Respectable historians agree. When someone asks me for a single book to read about the American Civil War, I point them to James McPherson’s Battle Cry of Freedom. McPherson introduces Lee as “perhaps the greatest asset that Virginia brought to the cause of southern independence,” an assessment with which few could argue:

General-in-Chief Winfield Scott considered Lee the best officer in the army. In April, Scott urged Lincoln to offer Lee field command of the newly levied Union army. As a fellow Virginian Scott hoped that Lee, like himself, would remain loyal to the service to which he he had devoted his life. Lee had made clear his dislike of slavery, which he described in 1856 as “a moral and political evil.”

Lee expressed the same idea when called to testify before Congress after the war, declaring himself in favor of gradual emancipation. One could almost mistake him for Lincoln.

Lee must have had a truly powerful devotion to Virginia to fight for it when the state nailed its colors to the mast of slavery, but that just makes him into a yet more tragic and noble figure. If Lincoln gave his life, albeit without his consultation in the matter, then Lee gave his love of Union and other dear principles. This Lee comes down to us as more a statue than a man, a platonic ideal cloaked in gray lest it blind us in all its glory. How could one not admire him? Anything less seems the height of perversity. To dissent simply shows proof of one’s own fallen nature.

I, Gentle Readers, have fallen and do not want to get up. Some of this comes down to personal taste and individual values. I don’t find myself much moved by the mode of gentlemanly conduct that Lee upheld. Nor does this pacifist feel a profound admiration for Lee’s more military virtues. But in approaching Lee’s position on slavery as a matter of history, those concerns do not hold the same relevance. We can never step outside ourselves and achieve perfect objectivity, but understanding the past does require us to do more than rehearse our biases. In that pursuit, I fell the same way that historian Gary Gallagher did, through the dark art of reading.

David Wilmot

David Wilmot

McPherson derives his Lee quote from the man’s most celebrated biographer, Douglas Southall Freeman. Alan T. Nolan didn’t leave matters there, but went for the quote’s full context in his book Lee Considered: General Robert E. Lee & Civil War History. Lee wrote the line to his wife while serving in Texas, just a month after James Buchanan defeated the first avowed antislavery candidate for the presidency who had a realistic chance of winning, John C. Frémont. The passage, as quoted in Nolan, deserves a close examination:

In this enlightened age, there are few I believe, but what will acknowledge, that slavery as an institution, is a moral & political evil in any Country. It is useless to expatiate on its disadvantages. I think it however a greater evil to the white than to the black race, & while my feelings are strongly enlisted in behalf of the latter, my sympathies are more strong for the former. The blacks are immeasurably better off here than in Africa, morally, socially, & physically. the painful discipline they are undergoing, is necessary for their instruction as a race, & I hope will prepare & lead them to better things.
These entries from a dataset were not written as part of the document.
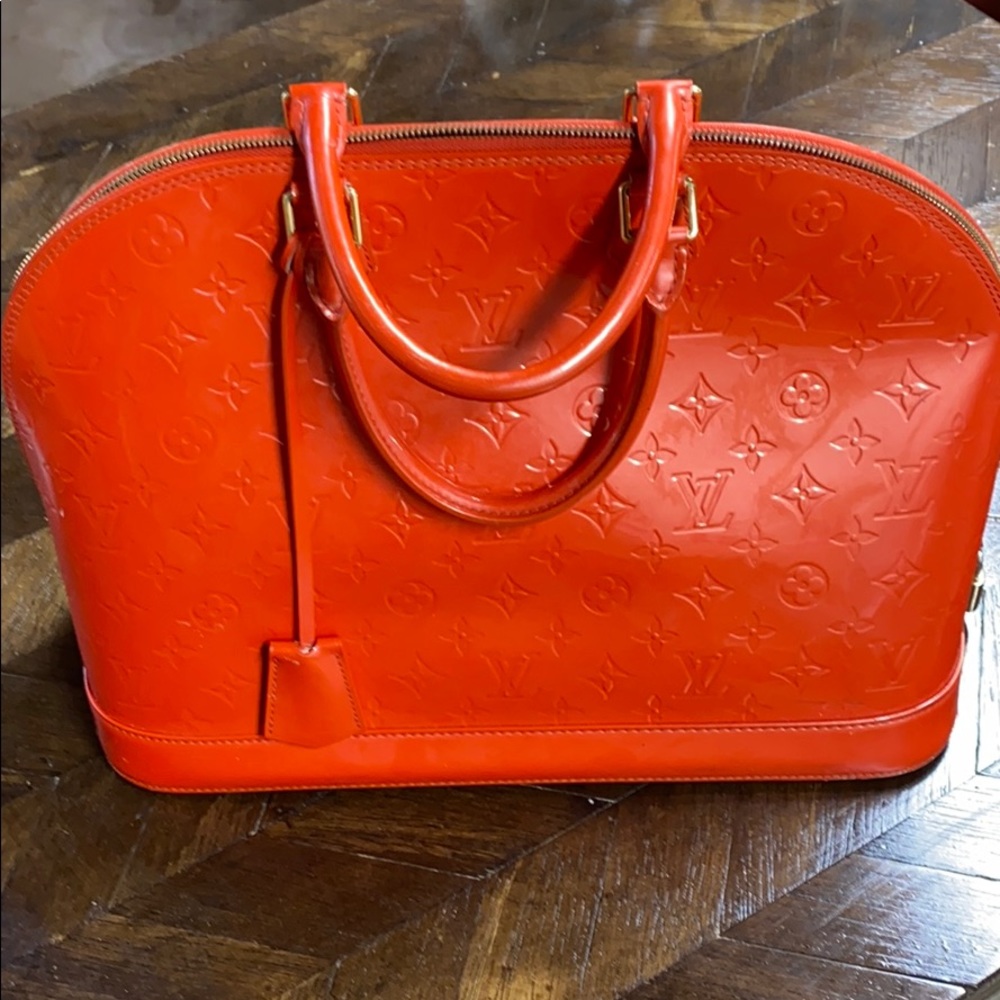 🧡 RARE 🧡 Burnt Orange Large Louis Vuitton ALMA GM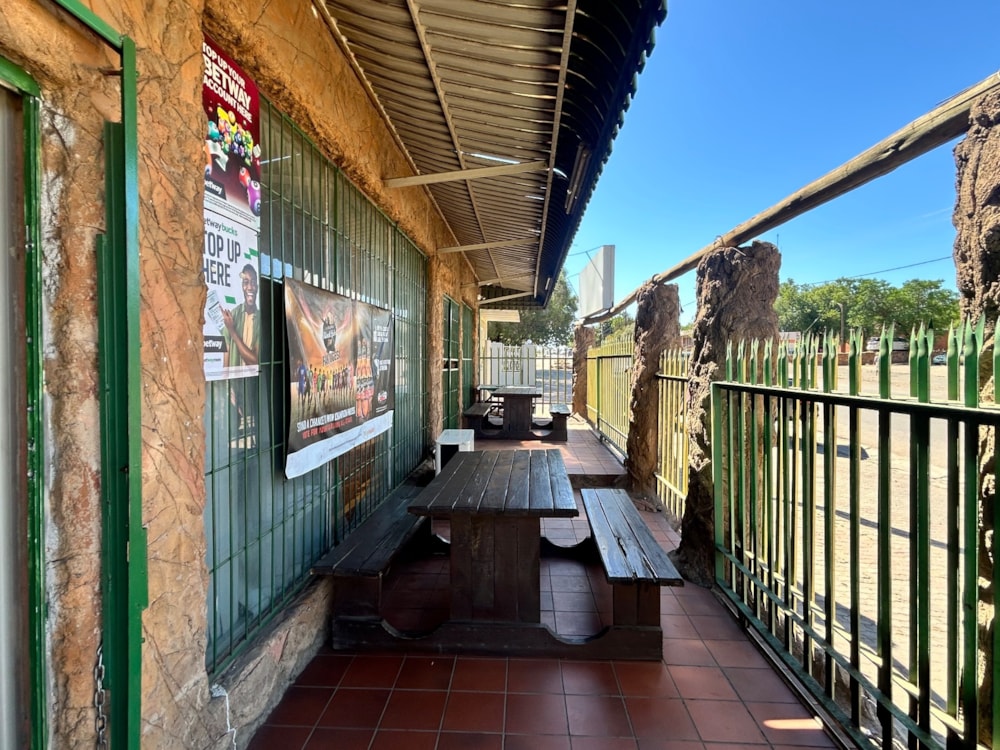 Commercial restaurant for sale in Barkly West - 1KJ1719608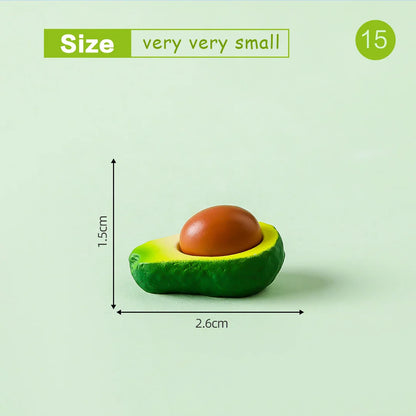 Lot de 10 mini figurines de fruits – Miniatures de fruit du dragon, noix de coco, melon d'eau, orange, pomme, banane et ananas pour la décoration de jardin miniature, les scènes de maison de poupée, les pots de plantes et les loisirs créatifs
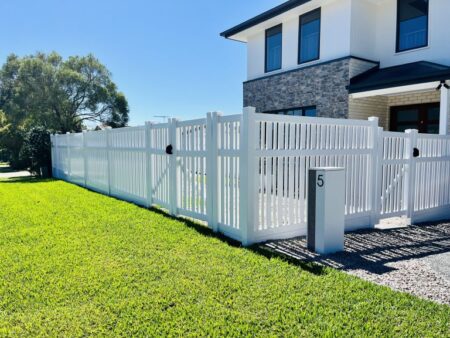 Philippa alternating semi-privacy fence gallery front yard fencing with entry gate by Queensland Fencing Specialists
Often when people claim that one quotes out of context, the context doesn’t really change things. Here it really does. Lee has written that however much slavery harmed black people, it also did them good. They benefited more from the whipping, raping, torture, and dismemberment of families than they would have from freedom in Africa. But doesn’t that make Lee just like David Wilmot with his breezy “no squeamish sensitiveness upon the subject of slavery, no morbid sympathy for the slave”?

Had Lee stopped there, one could make that case. Wilmot and men like him literally did not want to share the continent with black Americans and Lee’s position so far would put him into the antislavery mainstream of Kansas, where many preferred no black Americans, but if they must have such neighbors then those neighbors must come enslaved. But Lee did not stop there.

How long their subjugation may be necessary is known & ordered by a wise Merciful Providence. There emancipation will sooner result from the mild & melting influence of Christianity than the storms & tempests of fiery Controversy. … While we see the Course of the final abolition of human Slavery is onward, & we give it all the aid of our prayers & all justifiable means in our power, we must leave the progress as well as the result in his hands who sees the end; who Chooses to work by slow influence; & with whom two thousand years are but as a Single day.

Franklin Pierce

Franklin Pierce

Slavery must end, someday, but Lee ceded the decision on that to the Almighty alone. I don’t propose to argue that doing so made Lee insincere. Genuinely religious people do believe that their god or gods work in the world and order things in their own ways. Presumably if Lee’s god descended from Heaven and told him to free all the slaves, Lee would have done it. But all the same, one doesn’t hold one’s breath waiting for such things. Until that time, Lee here commits himself to an unqualified and indefinite preservation of slavery. Controversy clearly did not signal divine will to him, or he would have associated it with the influence of Christianity rather than contrasted the two.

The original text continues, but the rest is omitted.